## TASK OBJECTIVE:
After locating the line that contains "TUTIMA Dark Silver", quote it and all lines after it through the end of the entries, and nothing more. Pictures stay out.
START SUPPLIED MATERIAL
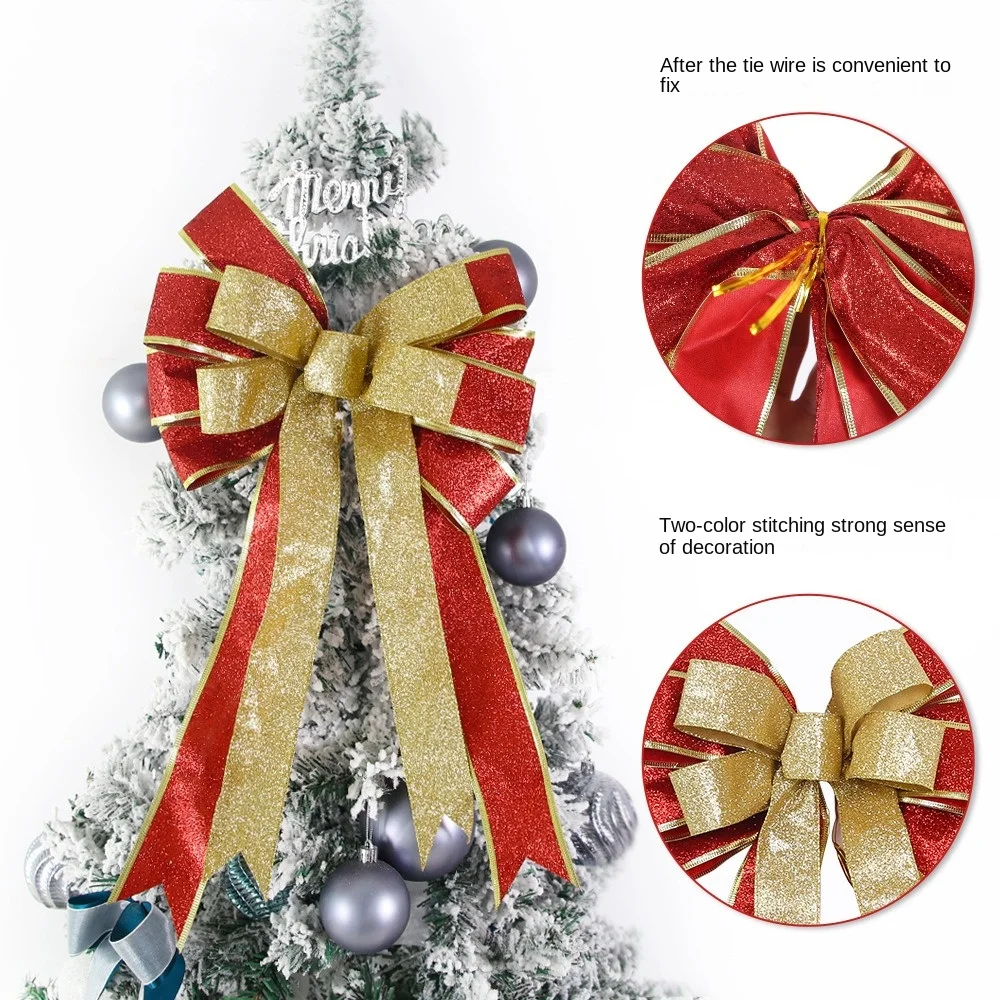 Large Size Bowknot Christmas Tree Decoration Double Layered New Year Bow Hanging Christmas Pendant Reuasble Hanging Ornament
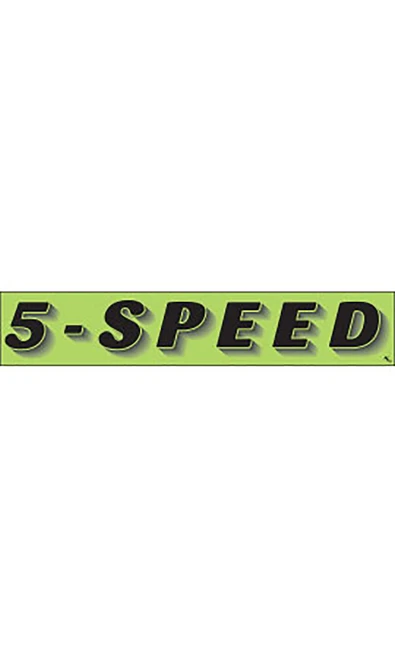 Rectangular Slogan Windshield Sticker - Green - "5-Speed"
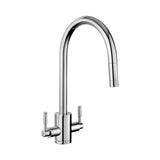 Rangemaster Aquatrend Pull Out Spray Mixer Tap With Dual Lever in Stainless steel TRE1POCM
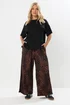 Yours Curve Brown Leopard Print Crinkle Wide Leg Trousers - 22-24 Image 2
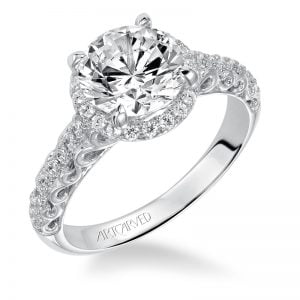 Shelly' Prong Set Halo Engagement Ring  - 31-V533HRW-E.00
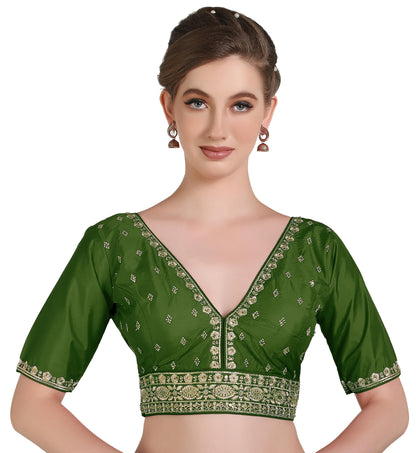 Pujia Mills Woman Readymade Ethnic Wear Deep V Neck Classic Butti Design Half Sleeve Mehendi Green Online Embroidery Zari Work B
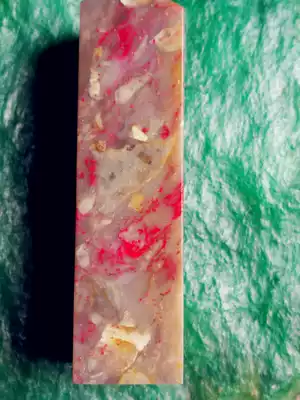 Natural Changhua Chicken Bloodstone seal seal engraving(Hongyun Dangtou soft bottom multicolored frozen stone Shoushan Liao Guotian Yellowstone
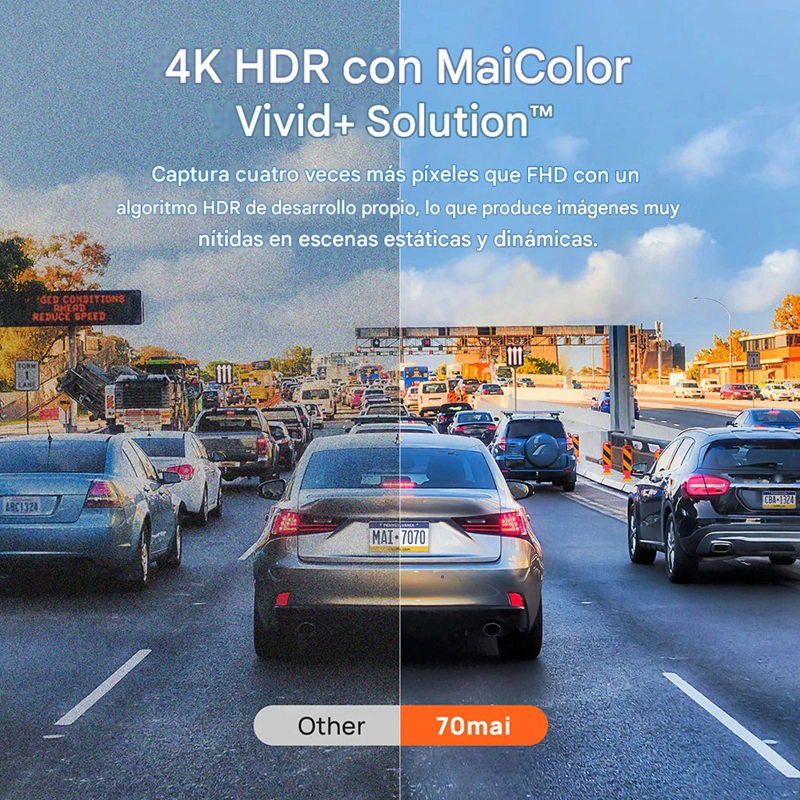 CAMARA PARA VEHICULO 4K HDR GPS ADAS WIFI VN 70MAI A810 + KIT UP04 - 9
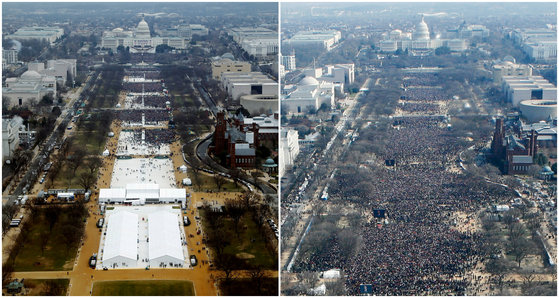 트럼프 대통령 취임식(1월 20일)과 버락 오바마 전 대통령 취임식(2009년 1월 20일)에 참석한 인파를 비교한 사진. [REUTERS=연합뉴스/Lucas Jackson (L), Stelios Varias]
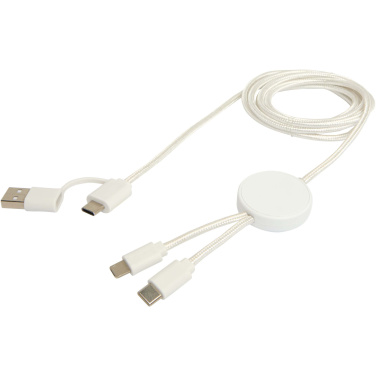 Logo trade corporate gifts image of: Citala 5-in-1 recycled plastic 150 cm data sync and 27W fast charge cable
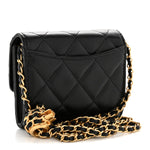 Lambskin Quilted Pearl Crush Clutch With Chain Black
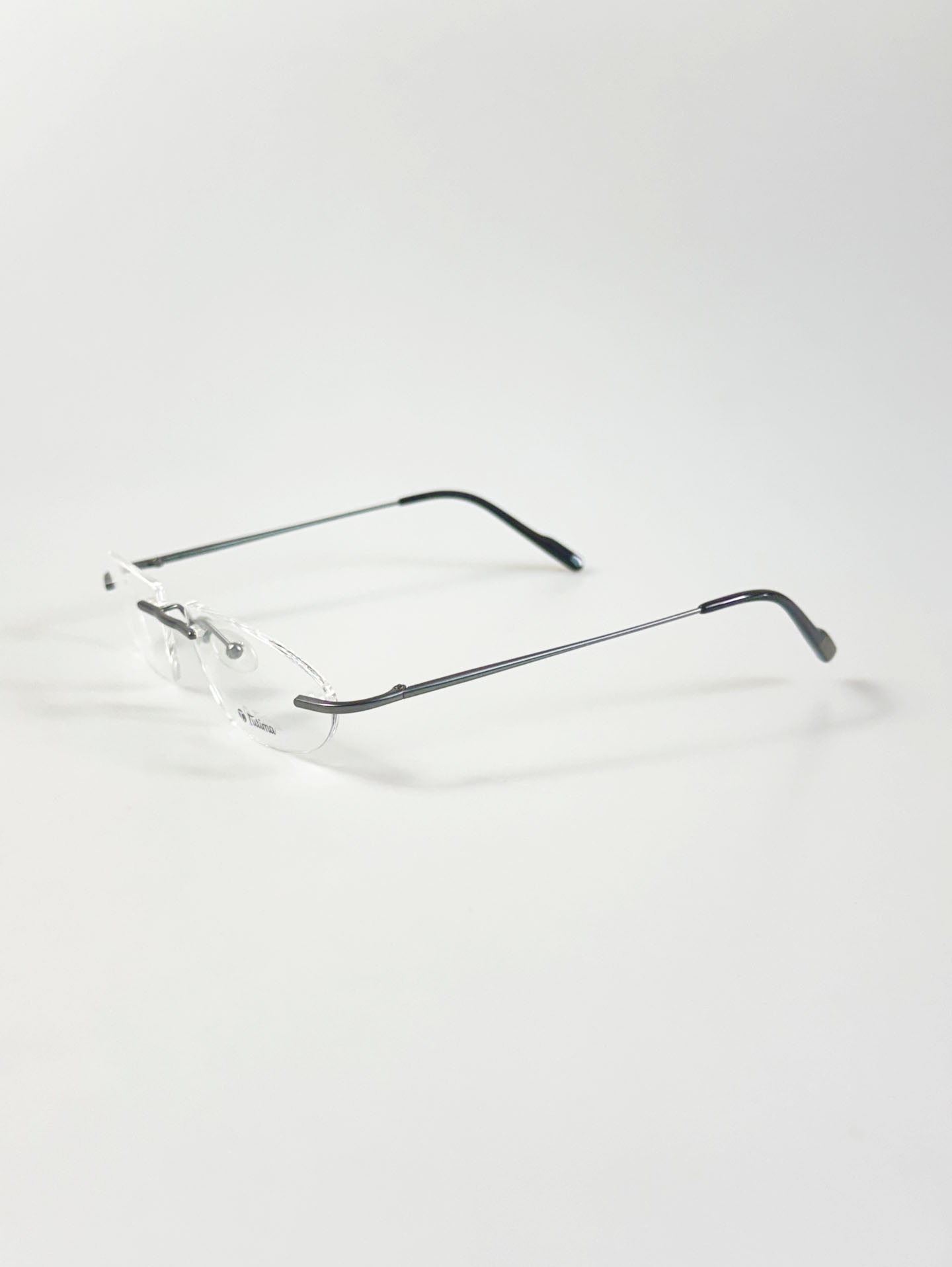 TUTIMA Dark Silver Titanium Rimless Square Frame Glasses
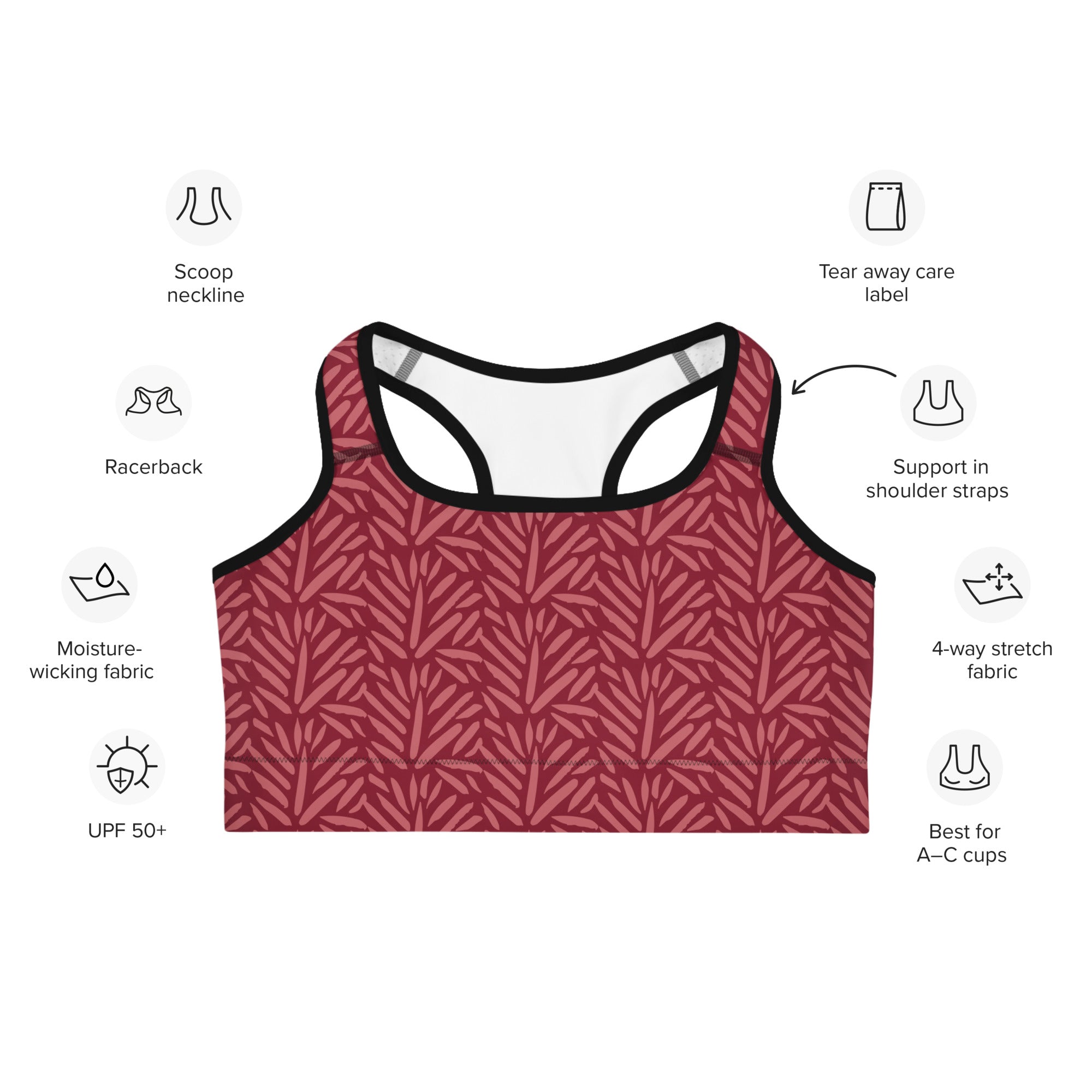 Women’s burgundy leaf quick drying sports bra in maroon with leaf pattern and black trim for active wear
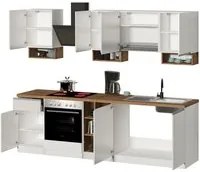 Composizione Cucina moderna 255X60-34X85-71cm - NAUTILUS Colore: Bianco Laccato Lucido-Rovere Wotan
END SUPPLIED MATERIAL
## YOUR SOLUTION:
 TUTIMA Dark Silver Titanium Rimless Square Frame Glasses
 Women’s burgundy leaf quick drying sports bra in maroon with leaf pattern and black trim for active wear
 Composizione Cucina moderna 255X60-34X85-71cm - NAUTILUS Colore: Bianco Laccato Lucido-Rovere Wotan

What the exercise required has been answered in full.